“I’m going vegan,” I announce to my flatmates one morning over a cup of tea. And I wait. Wait for the hostile responses, the mockery and mild contempt that comes with mentioning the dreaded V word. “Why?” One meat eater asks with a raised eyebrow. And I explain: I want to have an educated opinion on the lifestyle trend gathering pace across the UAE and the rest of the world. So many vegans say that after four weeks of eating plant-based you will lose weight, feel energised and of course sleep easier knowing you are making a positive impact on the environment (animal agriculture causes seven times more greenhouse gas emissions than a vegan diet). The growing community adds that after a month it’s unlikely you’ll go back to your former carnivorous ways. Let’s see, shall we?
After recently discovering Dubai-based, organic and gourmet food service Veganity, the team kindly offered to send me a meal plan for two weeks. From avocado and cacao mousse to mushroom soup, fruit salads and gluten-free pancakes with maple syrup, they made eating plant-based super straightforward and stress-free.
But I must admit, for the first week my stomach ached and felt extremely bloated, which I believe is linked to the increased carbohydrate consumption (I was eating a substantial amount of rice, potatoes and bread) and at the same time my body was detoxing from meat and dairy.
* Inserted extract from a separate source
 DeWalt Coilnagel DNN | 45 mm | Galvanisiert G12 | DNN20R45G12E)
Interestingly, after exactly seven days I completely adjusted, and found my stomach was noticeably flatter and my skin clear and radiant.
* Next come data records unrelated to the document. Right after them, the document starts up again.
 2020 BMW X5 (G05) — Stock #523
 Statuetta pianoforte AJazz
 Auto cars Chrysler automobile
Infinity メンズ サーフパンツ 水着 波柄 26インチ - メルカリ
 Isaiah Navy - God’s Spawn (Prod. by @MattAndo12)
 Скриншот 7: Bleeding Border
Eating out in the city was another challenge. Most restaurants failed to understand the difference between veganism and vegetarianism, and I regularly witnessed eye rolls from friends as I asked for various menu changes and ingredient run-downs. On the plus side, I fell in love with Wild and The Moon, a super-cool vegan café serving delicious tacos and vanilla-pod smoothies, and post-brunch junk food cravings were satisfied with moreish vegan pizza from Pinza and tasty cauliflower patty burgers topped with avocado sauce from Vurger.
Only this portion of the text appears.